The GSEABase package implements data structures and methods to represent, manipulate, and analyze gene sets in the context of gene set enrichment analysis. This includes construction of gene sets from reference resources, ID mapping, coloring according to phenotype association, and storing in gene set collections.
GSEABase 1.61.0
Report issues on https://github.com/Bioconductor/GSEABase/issues
A GeneSet stores a set of related gene identifiers. Important components of
the gene set are a vector of identifiers, general descriptive information about
the set, and information about how the gene set was constructed. To construct a
gene set, use GeneSet . For example, to create a gene set from the
identifiers in a subset of the sample ExpressionSet in the
Biobase package use
data(sample.ExpressionSet) # from Biobase
egs <- GeneSet(sample.ExpressionSet[201:250,], setName="Sample")
egs## setName: Sample 
## geneIds: 31440_at, 31441_at, ..., 31489_at (total: 50)
## geneIdType: Annotation (hgu95av2)
## collectionType: ExpressionSet 
## details: use 'details(object)'Each gene set may have a name. The gene set contains 50
identifiers (‘genes’) from the ExpressionSet. These are accessible using
geneIds, e.g.,
head(geneIds(egs))## [1] "31440_at"   "31441_at"   "31442_at"   "31443_at"   "31444_s_at"
## [6] "31445_at"The gene set records that the identifiers are probeset names from the
annotation package hgu95av2.db, and that the source of the gene
set was an ExpressionSet. Additional details are available:
details(egs)## setName: Sample 
## geneIds: 31440_at, 31441_at, ..., 31489_at (total: 50)
## geneIdType: Annotation (hgu95av2)
## collectionType: ExpressionSet 
## setIdentifier: nebbiolo2:1622353:Tue Oct  7 18:02:22 2025:1
## description: Smoking-Cancer Experiment
##   (longDescription available)
## organism: Homo sapiens
## pubMedIds: 
## urls: www.lab.not.exist
## contributor: Pierre Fermat
## setVersion: 0.0.1
## creationDate:The set identifier, set version, and creation date
provide mechanisms for carefully curating gene sets. Additional
information is automatically copied from the expression set used to
create egs.
  ## FIXME: GeneSet(AnnotationIdentifier("hgu95av2")) --> non-empty
  ## FIXME: GeneSet(AnnotationIdentifier("hgu95av2"),
  ## collectionType=GOCollection()) filters on GOCollection (or KEGG)View additional methods for creating gene sets with:
showMethods("GeneSet", inherited=FALSE)## Function: GeneSet (package GSEABase)
## type="BroadCollection"
## type="ExpressionSet"
## type="GOCollection"
## type="GeneIdentifierType"
## type="character"
## type="missing"These are described on the GeneSet help page.

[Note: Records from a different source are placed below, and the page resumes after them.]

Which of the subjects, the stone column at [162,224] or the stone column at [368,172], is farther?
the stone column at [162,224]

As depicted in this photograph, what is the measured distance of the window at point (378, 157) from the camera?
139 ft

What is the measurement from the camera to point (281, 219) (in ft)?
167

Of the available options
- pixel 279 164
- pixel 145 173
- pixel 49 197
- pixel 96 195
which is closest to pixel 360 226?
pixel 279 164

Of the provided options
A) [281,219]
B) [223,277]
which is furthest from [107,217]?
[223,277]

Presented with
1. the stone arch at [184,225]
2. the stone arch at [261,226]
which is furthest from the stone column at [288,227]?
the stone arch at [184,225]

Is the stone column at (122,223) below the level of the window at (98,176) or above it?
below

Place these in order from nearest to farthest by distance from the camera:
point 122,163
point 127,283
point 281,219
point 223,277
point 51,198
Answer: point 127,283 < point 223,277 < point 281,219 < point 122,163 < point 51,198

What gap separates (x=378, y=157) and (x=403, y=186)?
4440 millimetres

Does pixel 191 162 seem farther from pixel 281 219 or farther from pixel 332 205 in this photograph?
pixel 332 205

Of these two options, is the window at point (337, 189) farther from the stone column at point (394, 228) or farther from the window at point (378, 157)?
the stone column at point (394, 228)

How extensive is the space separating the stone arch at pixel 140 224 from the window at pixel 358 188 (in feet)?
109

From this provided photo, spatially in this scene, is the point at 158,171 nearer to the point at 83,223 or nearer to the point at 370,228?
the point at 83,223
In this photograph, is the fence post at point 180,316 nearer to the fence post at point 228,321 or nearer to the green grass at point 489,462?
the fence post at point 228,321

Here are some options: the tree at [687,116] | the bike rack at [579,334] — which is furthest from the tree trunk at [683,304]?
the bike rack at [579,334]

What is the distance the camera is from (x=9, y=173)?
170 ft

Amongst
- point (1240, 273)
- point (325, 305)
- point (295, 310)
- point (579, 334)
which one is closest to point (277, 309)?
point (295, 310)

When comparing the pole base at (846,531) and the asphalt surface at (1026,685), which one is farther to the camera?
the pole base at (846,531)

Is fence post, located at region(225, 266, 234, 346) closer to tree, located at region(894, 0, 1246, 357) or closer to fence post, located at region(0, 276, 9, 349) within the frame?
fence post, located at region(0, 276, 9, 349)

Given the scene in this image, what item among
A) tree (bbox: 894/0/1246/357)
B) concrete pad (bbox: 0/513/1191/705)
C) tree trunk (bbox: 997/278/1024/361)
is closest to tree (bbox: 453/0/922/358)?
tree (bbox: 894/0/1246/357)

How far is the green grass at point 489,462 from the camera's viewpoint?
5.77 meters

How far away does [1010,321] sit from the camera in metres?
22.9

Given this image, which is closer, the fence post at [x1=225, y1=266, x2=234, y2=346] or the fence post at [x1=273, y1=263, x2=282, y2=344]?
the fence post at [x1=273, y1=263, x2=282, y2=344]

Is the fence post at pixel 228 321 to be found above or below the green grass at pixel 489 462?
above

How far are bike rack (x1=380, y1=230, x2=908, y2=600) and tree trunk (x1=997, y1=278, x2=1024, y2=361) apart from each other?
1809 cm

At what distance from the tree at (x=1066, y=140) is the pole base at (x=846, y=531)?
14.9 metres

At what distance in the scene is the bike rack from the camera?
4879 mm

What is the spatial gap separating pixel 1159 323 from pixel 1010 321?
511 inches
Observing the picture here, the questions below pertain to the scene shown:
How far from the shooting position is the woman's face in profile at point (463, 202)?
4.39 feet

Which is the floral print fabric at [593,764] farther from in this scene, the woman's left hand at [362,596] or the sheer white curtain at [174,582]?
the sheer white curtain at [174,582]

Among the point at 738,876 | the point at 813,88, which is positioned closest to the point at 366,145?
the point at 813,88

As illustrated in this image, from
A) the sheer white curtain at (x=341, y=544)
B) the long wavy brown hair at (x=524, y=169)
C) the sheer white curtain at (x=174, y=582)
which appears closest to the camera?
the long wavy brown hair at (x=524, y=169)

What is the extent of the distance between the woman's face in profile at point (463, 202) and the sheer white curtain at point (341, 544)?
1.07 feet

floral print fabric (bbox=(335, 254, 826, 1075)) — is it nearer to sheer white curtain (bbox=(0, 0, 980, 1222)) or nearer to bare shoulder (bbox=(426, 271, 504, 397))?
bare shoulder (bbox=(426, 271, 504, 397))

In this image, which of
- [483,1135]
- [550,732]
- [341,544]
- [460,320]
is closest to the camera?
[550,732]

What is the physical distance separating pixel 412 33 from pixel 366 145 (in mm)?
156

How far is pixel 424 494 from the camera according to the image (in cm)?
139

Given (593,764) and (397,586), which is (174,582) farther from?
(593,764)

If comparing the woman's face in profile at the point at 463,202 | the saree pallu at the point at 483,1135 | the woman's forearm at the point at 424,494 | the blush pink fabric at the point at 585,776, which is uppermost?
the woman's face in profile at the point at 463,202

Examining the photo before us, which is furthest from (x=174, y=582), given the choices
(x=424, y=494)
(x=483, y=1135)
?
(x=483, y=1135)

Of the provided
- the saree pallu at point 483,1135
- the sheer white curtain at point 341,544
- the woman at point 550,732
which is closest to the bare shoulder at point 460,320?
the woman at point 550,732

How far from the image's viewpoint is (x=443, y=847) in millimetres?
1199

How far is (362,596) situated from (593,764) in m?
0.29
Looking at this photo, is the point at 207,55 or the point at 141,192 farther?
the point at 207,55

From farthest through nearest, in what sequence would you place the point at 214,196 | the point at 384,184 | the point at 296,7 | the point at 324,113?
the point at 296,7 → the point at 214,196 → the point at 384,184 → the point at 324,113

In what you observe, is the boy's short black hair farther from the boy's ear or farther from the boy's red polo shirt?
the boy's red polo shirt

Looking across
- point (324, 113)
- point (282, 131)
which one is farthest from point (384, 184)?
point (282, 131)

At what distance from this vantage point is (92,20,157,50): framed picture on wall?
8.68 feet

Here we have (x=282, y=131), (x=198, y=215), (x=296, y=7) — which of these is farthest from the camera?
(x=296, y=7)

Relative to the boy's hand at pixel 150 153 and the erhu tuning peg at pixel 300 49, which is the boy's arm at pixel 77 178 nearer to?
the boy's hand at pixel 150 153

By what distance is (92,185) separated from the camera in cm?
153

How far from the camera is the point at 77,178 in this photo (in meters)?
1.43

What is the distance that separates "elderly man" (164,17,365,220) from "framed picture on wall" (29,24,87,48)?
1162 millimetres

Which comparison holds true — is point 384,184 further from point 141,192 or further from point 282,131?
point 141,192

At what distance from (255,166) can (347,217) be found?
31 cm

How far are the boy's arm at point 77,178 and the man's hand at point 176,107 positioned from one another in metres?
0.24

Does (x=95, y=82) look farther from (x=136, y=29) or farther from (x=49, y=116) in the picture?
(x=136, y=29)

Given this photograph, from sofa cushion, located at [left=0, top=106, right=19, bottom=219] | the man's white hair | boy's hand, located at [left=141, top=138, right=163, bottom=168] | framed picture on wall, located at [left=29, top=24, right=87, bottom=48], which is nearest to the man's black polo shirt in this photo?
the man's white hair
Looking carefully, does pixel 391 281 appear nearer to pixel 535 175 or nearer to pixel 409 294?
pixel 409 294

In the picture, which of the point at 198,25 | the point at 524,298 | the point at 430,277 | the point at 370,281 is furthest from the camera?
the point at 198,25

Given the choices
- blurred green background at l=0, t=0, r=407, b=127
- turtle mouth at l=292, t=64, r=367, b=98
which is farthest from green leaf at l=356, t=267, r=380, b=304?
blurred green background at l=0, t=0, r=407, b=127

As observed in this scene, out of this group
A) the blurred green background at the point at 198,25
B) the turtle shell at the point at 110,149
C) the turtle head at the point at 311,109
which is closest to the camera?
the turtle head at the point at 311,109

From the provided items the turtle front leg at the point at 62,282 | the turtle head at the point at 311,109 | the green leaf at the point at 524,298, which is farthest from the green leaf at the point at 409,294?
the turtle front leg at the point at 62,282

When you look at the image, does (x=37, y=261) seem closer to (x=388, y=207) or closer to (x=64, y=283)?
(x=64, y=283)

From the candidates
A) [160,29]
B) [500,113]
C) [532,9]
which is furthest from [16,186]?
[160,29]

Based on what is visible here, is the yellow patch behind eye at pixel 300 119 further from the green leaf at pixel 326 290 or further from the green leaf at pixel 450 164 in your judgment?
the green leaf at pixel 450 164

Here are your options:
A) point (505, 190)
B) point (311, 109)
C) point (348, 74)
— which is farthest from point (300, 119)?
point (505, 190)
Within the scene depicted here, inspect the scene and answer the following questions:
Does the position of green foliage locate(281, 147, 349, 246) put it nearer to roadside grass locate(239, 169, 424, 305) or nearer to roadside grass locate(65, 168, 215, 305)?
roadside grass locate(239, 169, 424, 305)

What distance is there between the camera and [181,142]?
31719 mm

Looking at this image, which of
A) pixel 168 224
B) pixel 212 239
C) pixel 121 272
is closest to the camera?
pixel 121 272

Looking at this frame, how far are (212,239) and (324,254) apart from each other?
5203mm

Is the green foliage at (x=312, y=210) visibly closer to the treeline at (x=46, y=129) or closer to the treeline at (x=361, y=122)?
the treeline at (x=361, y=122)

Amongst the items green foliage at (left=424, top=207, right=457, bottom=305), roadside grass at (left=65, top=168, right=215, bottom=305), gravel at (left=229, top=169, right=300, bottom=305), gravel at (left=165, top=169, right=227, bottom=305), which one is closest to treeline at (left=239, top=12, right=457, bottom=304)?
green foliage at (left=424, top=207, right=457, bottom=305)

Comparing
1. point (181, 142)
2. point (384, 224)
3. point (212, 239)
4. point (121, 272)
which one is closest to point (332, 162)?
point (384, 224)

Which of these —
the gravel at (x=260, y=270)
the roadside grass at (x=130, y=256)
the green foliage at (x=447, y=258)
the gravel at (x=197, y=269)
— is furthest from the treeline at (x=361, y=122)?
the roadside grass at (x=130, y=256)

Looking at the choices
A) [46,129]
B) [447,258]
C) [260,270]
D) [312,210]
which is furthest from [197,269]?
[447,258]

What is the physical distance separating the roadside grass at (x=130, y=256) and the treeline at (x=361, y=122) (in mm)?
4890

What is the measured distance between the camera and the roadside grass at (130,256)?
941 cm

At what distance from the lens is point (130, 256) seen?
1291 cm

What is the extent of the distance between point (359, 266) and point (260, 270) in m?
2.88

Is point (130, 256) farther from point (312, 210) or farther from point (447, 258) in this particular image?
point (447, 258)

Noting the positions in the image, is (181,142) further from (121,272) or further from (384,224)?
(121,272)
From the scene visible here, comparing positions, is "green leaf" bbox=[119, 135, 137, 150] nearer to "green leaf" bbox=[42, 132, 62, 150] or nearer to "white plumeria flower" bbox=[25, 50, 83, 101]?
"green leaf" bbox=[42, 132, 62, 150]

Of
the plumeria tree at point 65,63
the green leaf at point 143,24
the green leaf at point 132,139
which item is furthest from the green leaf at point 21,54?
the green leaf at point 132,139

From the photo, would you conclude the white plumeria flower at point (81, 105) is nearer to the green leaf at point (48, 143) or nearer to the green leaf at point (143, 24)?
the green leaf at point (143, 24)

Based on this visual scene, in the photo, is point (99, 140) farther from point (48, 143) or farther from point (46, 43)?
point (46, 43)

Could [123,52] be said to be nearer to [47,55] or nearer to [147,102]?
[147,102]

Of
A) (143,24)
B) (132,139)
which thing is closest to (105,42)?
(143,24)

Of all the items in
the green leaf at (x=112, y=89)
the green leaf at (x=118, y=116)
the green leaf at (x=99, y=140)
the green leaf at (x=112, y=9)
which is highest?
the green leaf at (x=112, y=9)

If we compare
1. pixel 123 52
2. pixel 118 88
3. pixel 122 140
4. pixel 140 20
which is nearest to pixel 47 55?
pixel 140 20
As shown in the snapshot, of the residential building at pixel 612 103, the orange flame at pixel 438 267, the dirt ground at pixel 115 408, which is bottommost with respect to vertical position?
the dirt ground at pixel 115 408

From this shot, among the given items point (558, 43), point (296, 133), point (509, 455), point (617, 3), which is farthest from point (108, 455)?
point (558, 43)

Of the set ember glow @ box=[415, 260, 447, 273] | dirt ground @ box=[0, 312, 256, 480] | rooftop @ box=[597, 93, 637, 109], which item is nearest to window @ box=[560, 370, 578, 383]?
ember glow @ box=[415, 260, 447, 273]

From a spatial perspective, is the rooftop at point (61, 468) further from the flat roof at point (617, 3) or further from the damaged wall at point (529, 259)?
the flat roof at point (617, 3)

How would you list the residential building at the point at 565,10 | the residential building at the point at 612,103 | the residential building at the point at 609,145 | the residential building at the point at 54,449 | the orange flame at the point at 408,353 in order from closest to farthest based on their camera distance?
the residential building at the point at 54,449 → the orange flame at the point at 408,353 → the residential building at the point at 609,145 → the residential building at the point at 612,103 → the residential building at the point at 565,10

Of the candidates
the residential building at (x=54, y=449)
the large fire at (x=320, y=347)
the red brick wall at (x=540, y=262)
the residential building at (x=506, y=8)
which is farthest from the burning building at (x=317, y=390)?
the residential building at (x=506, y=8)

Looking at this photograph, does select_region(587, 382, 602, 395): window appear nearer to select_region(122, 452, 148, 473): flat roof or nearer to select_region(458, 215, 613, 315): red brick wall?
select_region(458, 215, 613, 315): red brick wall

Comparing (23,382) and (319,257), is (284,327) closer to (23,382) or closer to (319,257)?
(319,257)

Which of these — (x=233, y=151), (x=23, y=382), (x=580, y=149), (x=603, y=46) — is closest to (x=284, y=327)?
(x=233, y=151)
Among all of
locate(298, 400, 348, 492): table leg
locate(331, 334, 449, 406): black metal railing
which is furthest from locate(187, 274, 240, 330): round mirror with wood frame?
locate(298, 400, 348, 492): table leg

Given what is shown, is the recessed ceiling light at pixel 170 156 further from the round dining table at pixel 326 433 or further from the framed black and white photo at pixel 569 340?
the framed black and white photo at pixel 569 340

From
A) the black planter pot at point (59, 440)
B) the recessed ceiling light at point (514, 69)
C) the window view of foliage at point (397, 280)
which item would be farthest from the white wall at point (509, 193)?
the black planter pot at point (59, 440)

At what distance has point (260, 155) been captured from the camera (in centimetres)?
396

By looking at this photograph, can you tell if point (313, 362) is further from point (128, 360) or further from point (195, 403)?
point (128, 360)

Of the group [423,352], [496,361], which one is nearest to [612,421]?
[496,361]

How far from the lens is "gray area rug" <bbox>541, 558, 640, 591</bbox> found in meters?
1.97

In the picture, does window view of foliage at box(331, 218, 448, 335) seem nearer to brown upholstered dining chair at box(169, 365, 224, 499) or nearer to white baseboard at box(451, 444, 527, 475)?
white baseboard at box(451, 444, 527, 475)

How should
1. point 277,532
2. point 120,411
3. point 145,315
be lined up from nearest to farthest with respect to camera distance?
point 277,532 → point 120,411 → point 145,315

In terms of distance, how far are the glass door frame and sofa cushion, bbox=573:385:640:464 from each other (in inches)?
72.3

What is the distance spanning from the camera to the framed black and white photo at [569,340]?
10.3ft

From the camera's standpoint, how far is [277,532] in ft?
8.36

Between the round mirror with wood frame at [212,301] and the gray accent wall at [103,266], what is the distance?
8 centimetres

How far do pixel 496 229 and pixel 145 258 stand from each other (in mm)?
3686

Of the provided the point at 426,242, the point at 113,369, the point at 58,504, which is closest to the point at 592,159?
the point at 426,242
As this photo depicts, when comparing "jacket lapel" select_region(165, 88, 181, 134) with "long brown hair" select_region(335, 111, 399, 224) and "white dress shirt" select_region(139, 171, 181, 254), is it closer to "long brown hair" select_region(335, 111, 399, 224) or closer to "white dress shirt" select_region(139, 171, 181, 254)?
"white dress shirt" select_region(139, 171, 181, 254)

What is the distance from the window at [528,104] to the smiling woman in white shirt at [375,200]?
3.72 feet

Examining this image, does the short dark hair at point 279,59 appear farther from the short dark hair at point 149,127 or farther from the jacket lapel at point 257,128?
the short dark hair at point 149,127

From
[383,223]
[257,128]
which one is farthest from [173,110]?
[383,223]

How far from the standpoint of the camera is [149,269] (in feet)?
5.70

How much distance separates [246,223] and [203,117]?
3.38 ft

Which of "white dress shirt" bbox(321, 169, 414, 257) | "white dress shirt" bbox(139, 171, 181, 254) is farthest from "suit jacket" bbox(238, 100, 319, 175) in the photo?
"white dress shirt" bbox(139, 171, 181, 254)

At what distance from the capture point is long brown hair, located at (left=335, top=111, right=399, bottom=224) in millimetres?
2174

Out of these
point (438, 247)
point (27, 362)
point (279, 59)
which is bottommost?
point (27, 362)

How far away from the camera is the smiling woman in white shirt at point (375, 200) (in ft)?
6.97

The identifier type of gene sets created from expression sets is AnnotationIdentifier. Additional predefined identifiers are available:
names(slot(getClass("GeneIdentifierType"), "subclasses"))##  [1] "NullIdentifier"       "EnzymeIdentifier"     "GenenameIdentifier"  
##  [4] "RefseqIdentifier"     "SymbolIdentifier"     "UniprotIdentifier"   
##  [7] "ENSEMBLIdentifier"    "AnnotationIdentifier" "EntrezIdentifier"    
## [10] "GOAllFrameIdentifier" "KEGGFrameIdentifier"It is possible to map between identifier types (provided the corresponding map in the annotation package exists):
mapIdentifiers(egs, EntrezIdentifier())## setName: Sample 
## geneIds: 6932, 643332, ..., 4287 (total: 31)
## geneIdType: EntrezId (hgu95av2)
## collectionType: ExpressionSet 
## details: use 'details(object)'mapIdentifiers consults the gene set to determine that annotation (probeset)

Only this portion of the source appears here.